▶ **What is needed**: Entries below include pictures. Output exactly the lines from the one with "Viral Content of" down to the one with "New 2026 Genesis", both ends included, and leave the pictures out.

▶ **Records shown**:
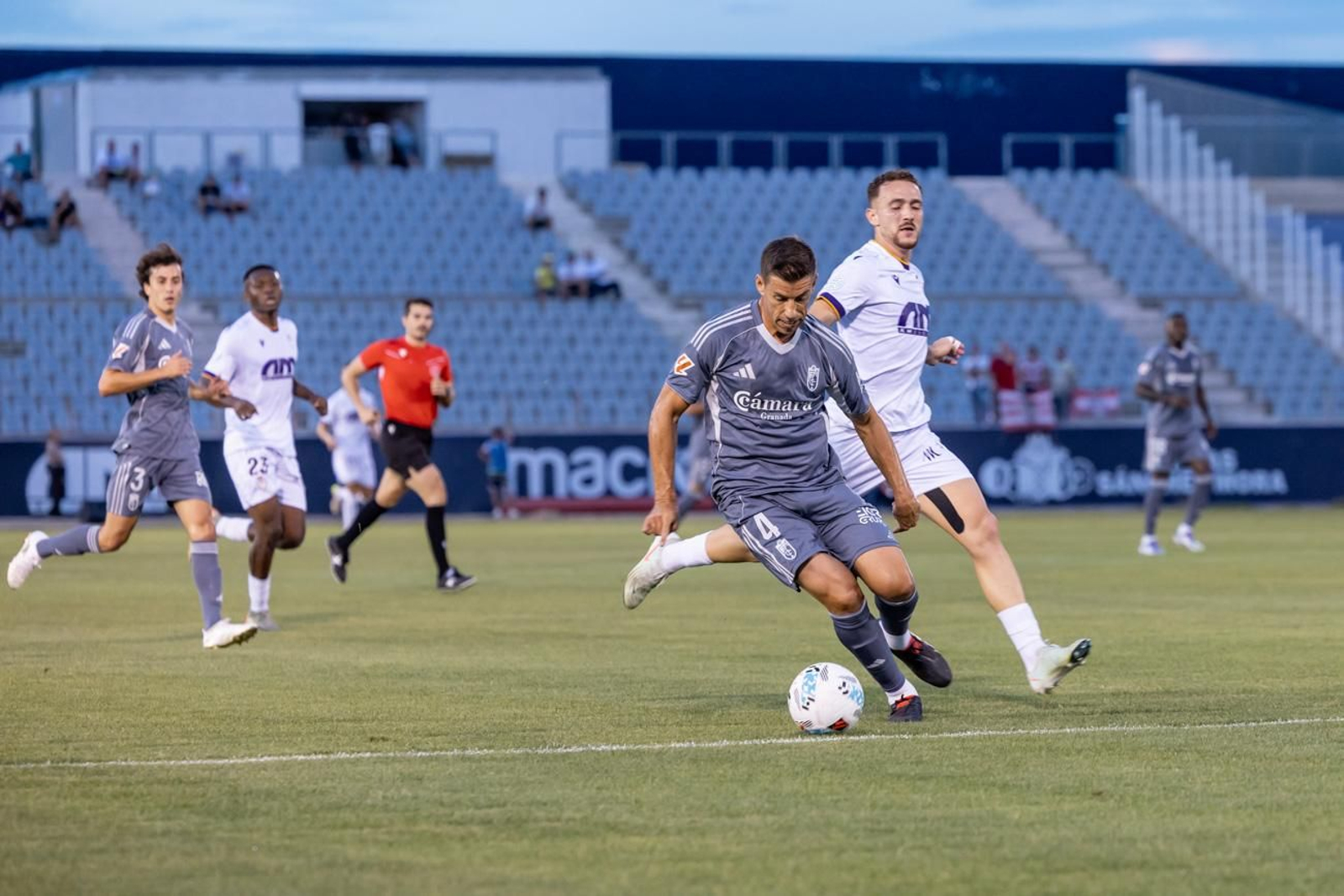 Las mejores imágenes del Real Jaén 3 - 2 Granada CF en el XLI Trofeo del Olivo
* * *
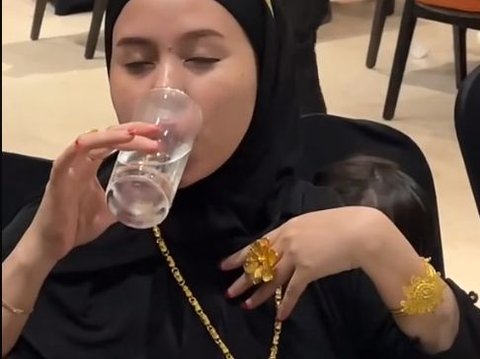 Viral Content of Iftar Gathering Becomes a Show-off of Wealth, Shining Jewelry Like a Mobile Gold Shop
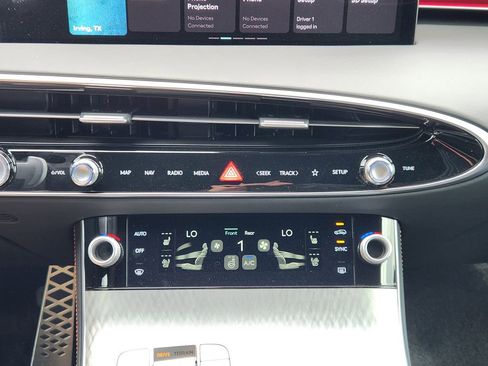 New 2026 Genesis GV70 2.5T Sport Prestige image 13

▶ **Your solution**:
 Viral Content of Iftar Gathering Becomes a Show-off of Wealth, Shining Jewelry Like a Mobile Gold Shop
 New 2026 Genesis GV70 2.5T Sport Prestige image 13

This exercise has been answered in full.